Fenn scratched her chin. “I’ve never heard of a Bugbear before. That might be what the guards were describing, although they seemed to think the Beast had scales… I think. I was quite confused at the time…”
“There’s a reason that my wife’s colorful description doesn’t add up,” interjected Valt. “Bugbears don’t exist.”
“I beg to differ,” replied Jinny. “There have been Bugbears in these parts since before the Duke’s family built this city. Why my uncle Edward—”
“—was half mad after forty years in the flash powder mines.”

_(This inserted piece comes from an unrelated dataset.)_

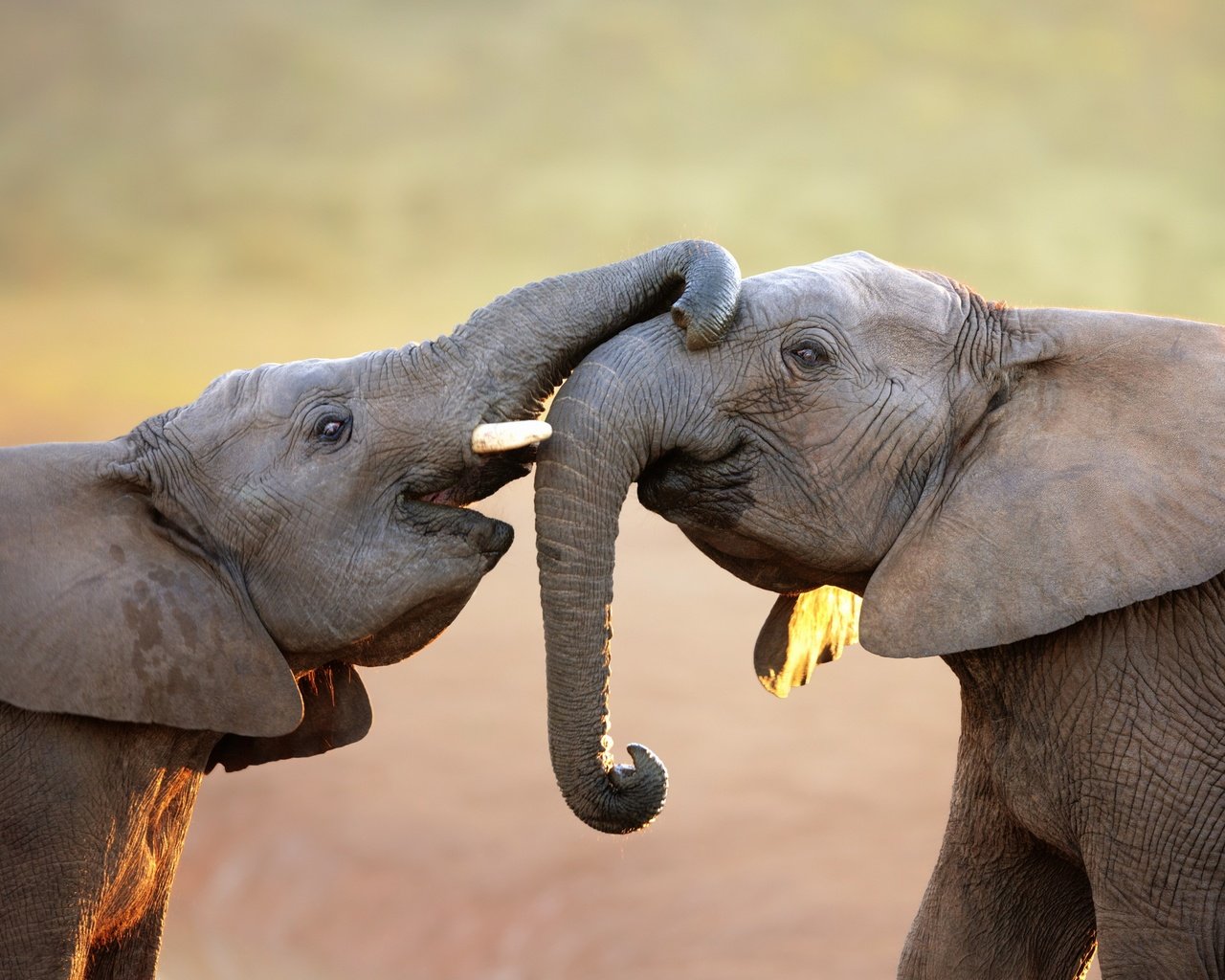 Обои животные, игра, слоны, хобот, слоненок, animals, the game, elephants, trunk, elephant разрешение 3300x2131 Загрузить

“That has nothing to do with—”
“Bugbears are nothing more than old wives’ tales.” Valt looked pointedly at his wife. “Made up, to frighten children into coming home before dark.”
“What I saw,” Jinny said in a warning tone, “was no fairytale.”
“You did not see anything. Because there was nothing to see! Your Heini simply—”
“Do not tell me,” Jinny nearly shouted, “that he wandered off! Not when I found his wee collar lying in the street!”
“He probably just slipped it in a—”
“He was eaten!” Jinny shouted. “By a—”
“There’s no such thing!” Valt shouted back. “As a—”
“A bloody bugbear!” the two of them finished together. They stared at one another, red in the face, till Jinny harrumphed and stormed off through the kitchen.
“See what you did?” Valt said to Duglass. He leaned across the bar, so that his face was not far from the other man’s. “I’ll ask you not to mention that creature here again, Dug,” he said softly.
Duglass nodded, looking after Jinny, chagrined.
“I’ve got to get out of here,” Fenn whispered, mostly to herself. “It’s not safe…”
“What’s that, lass?” said Valt.
Fenn looked up at him, eyes wide and glistening. “I’ve got to get out of here. I’ve got to get home.”
He nodded. “I might of know some people who’d be willing to take ye. Where is it you’ll be heading?”
Fenn licked her lips. “Wynne,” she said. “In the Lisley Wood. Do you know it…?”
Valt frowned. Shook his head. “Nay. Is it north? South?”
“I don’t know,” Fenn said hopelessly. “I don’t know where anything is.”
Valt and Duglass exchanged a glance. The two of them nodded in tandem. “What you’ll be needing then, is a map, “said Valt.
Duglass gave Fenn a kindly look. “Only one place to find those.”